Wanted: A strong shadow Cabinet

“I TRIED to call Dr Ahmad Zahid’s secretary more than 30 times to resolve citizenship issues. In the end, I had to deal with the National Registration Department myself.”

This recent statement from Perak MCA Youth chief Ting Tai Fook is telling and is in reference to his failure to fix an appointment to see then deputy prime minister Datuk Seri Dr Ahmad Zahid Hamidi before Barisan Nasional’s polls defeat on May 9.

Of course, being the second most powerful man in the country comes with a heavy responsibility. But analysts have pointed out that one of the reasons for Barisan’s momentous defeat was the fact that the leaders (read: ministers) were disengaged from the rakyat.

If a ranking leader of a component party is unable to meet a minister in person, what hope have we lesser mortals?

On Monday, our full Cabinet will be sworn in. The majority of these eminent people are new to government. In fact, only Prime Minister Tun Dr Mahathir Mohamad and Home Minister Tan Sri Muhyiddin Yassin have Federal Government experience. A number of these MPs do have experience as state assemblymen, but governing at the federal level is much more challenging.

It is important for these newly minted ministers to realise that as MPs, they were elected by the people and as such are accountable to the people.

While we have high expectations for this historic line-up, it is also important that the Cabinet members work together to ensure incidences of corruption, excesses, mismanagement and abuse of power will all be consigned to the dustbin of history.

The first session of the Dewan Rakyat after GE14 will begin on July 16. Ninety lawmakers will make their debut appearance as MPs – the biggest number of newbies the august House has ever seen.

The Pakatan Harapan ministers will join their colleagues in the front bench facing the Leader of the Opposition and the rest of the Opposition MPs.

But who will be the leader of the Opposition? We will likely know this after the Umno party polls tomorrow and it will almost certainly come from one of these three: Dr Ahmad Zahid, Tengku Razaleigh Hamzah or Khairy Jamaluddin. They are all vying for the party president’s post.

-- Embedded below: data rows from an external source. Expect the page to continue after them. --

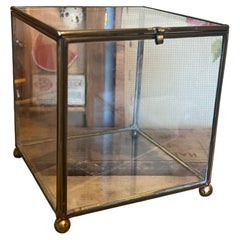 Caja de joyería vintage con pie de latón, metal y vidrio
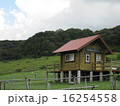 牧場と小屋 16254558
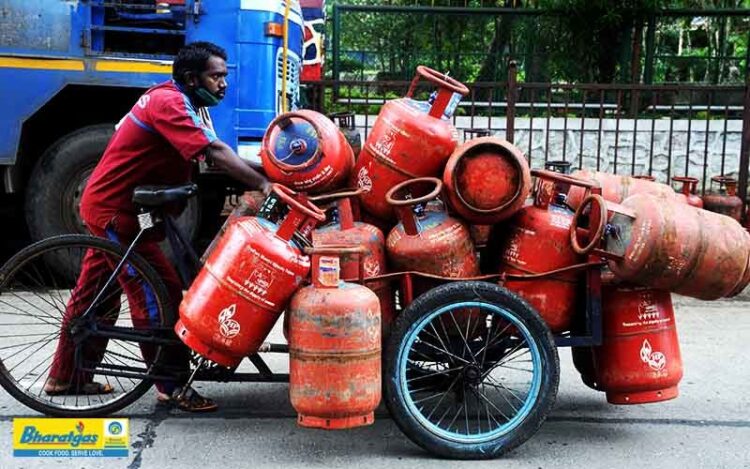 LPG सिलेंडर पर बड़ा अपडेट, 16 अगस्त से 1000 रुपये वाला सिलेंडर मिलेगा 2900 में, जानें क्या करना होगा?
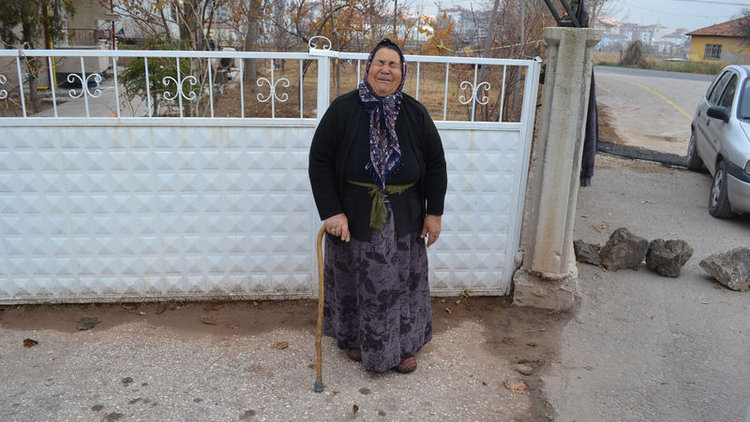 Hindileri çalınan kadın gözyaşlarını tutamadı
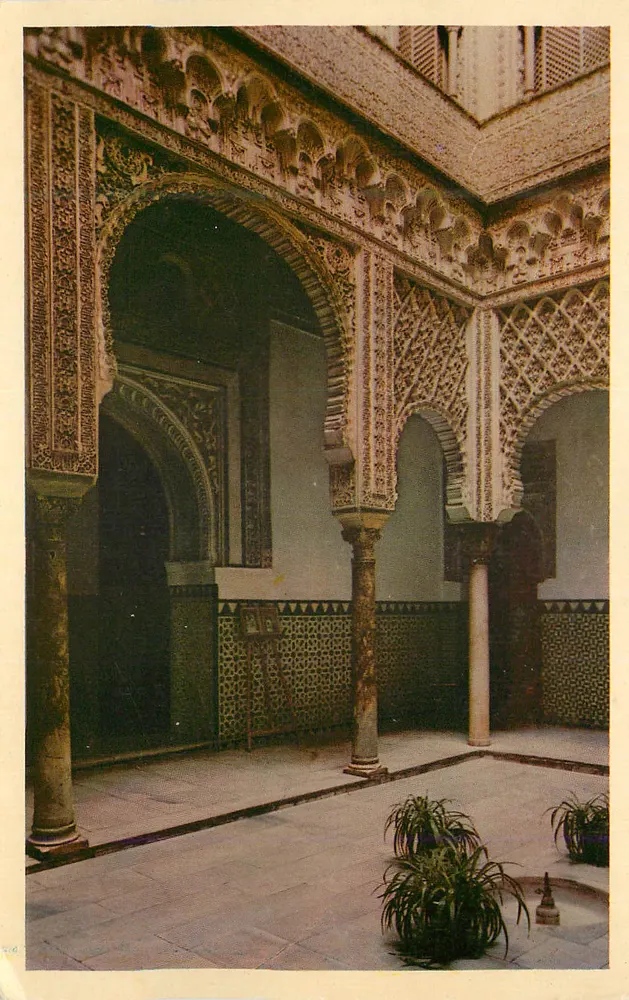 Courtyard of the Dolls — Reales Alcázares — Heliotipia Artística Española - Recto
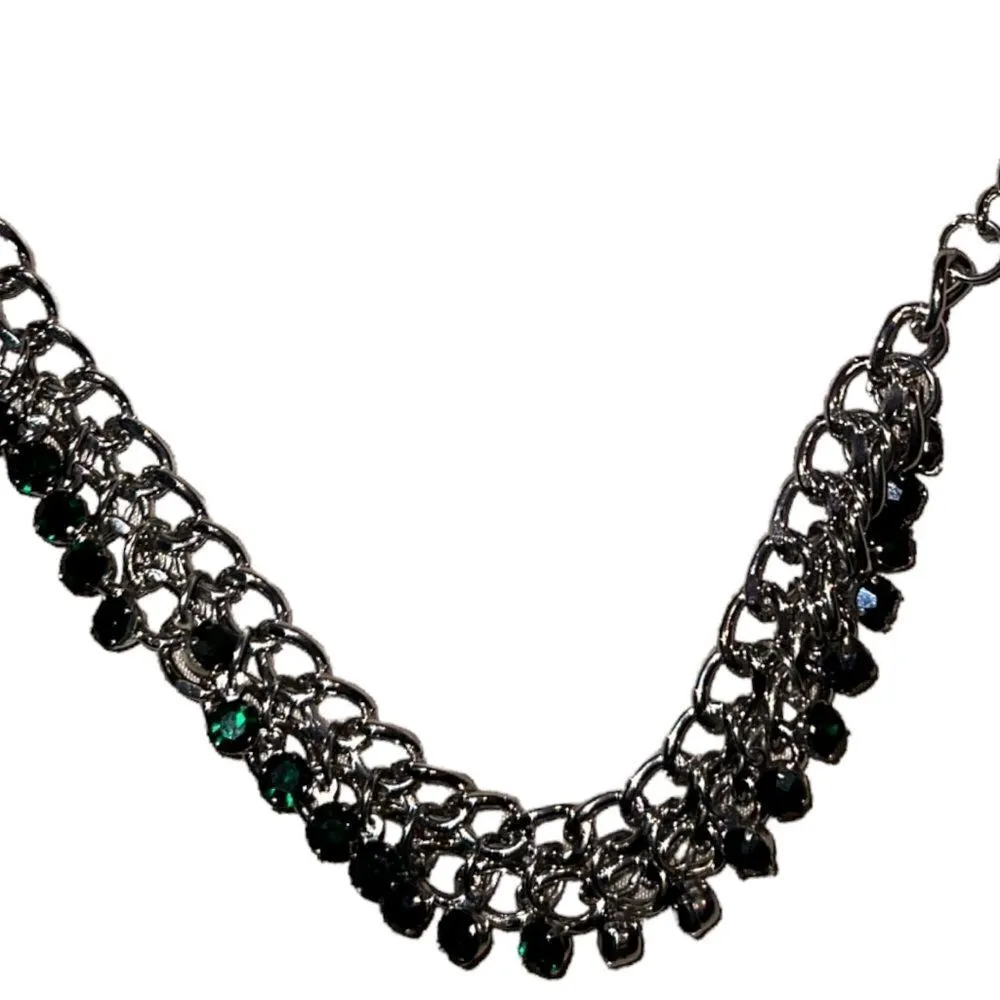 Very pretty silver choker style necklace with green sparkly dangle stone design Silver - Image 2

Khairy has gone on record as saying that the Umno president may not necessarily be the leader of the Opposition.

In his presidential manifesto, Khairy also raised the possibility of a shadow Cabinet in time for the upcoming Parliament session.

“I will form a shadow Cabinet as soon as possible as well, so we will look more organised and structured,” he said.

The former Umno Youth chief said the formation of a shadow Cabinet is vital to ensure there is a proper structure for Barisan as the Opposition in Parliament.

He said this would also show that Barisan has accepted that it is the Opposition and will conduct its duties as an effective one.

“This is what the rakyat wants in a two-party system,” he said.

His BN colleague from MIC, Cameron Highlands MP Datuk Sivarraajh Chandran, also believes that a shadow Cabinet would play a check-and-balance role against the Government’s policies and initiatives.

“I have proposed the idea of a shadow Cabinet to the Barisan Nasional leadership so that we can effectively study and debate Bills that will be brought to the House,” the MIC Youth chief said.

The shadow Cabinet is a feature of the Westminster system of government.

It is a team of senior people chosen by the leader of the Opposition to mirror the Cabinet in government.

Each member of the shadow Cabinet is appointed to lead on a specific policy area for his party and to question and challenge his counterpart in the Cabinet.

In many Commonwealth countries, a member of the shadow Cabinet is referred to as a shadow minister.

Malaysia has never had a shadow Cabinet. In the past, individual parties like DAP and PAS have created their own shadow Cabinets involving their own MPs, but never an official one, nor as a coalition.

But this is the perfect time for the country to have one because it will serve as a check and balance in Parliament to ensure that debates over laws and policies are relevant, effective and concise.

BN has the potential to be an effective Opposition because many of its MPs who were re-elected during the 14th General Election have experience in administrating the Federal Government.

But, lest we forget, the coalition ruled uninterrupted for 61 years prior to GE14 and without an effective Opposition, the government of the day became dictatorial and unaccountable.

So, while all eyes will be on the country’s new 28-member Cabinet after the swearing-in on Monday, let us hope that the Opposition creates a strong shadow Cabinet to ensure the Government is always kept on its toes.

  • The writer believes that an effective opposition is a necessary safeguard for democracy and to ensure a good and accountable government.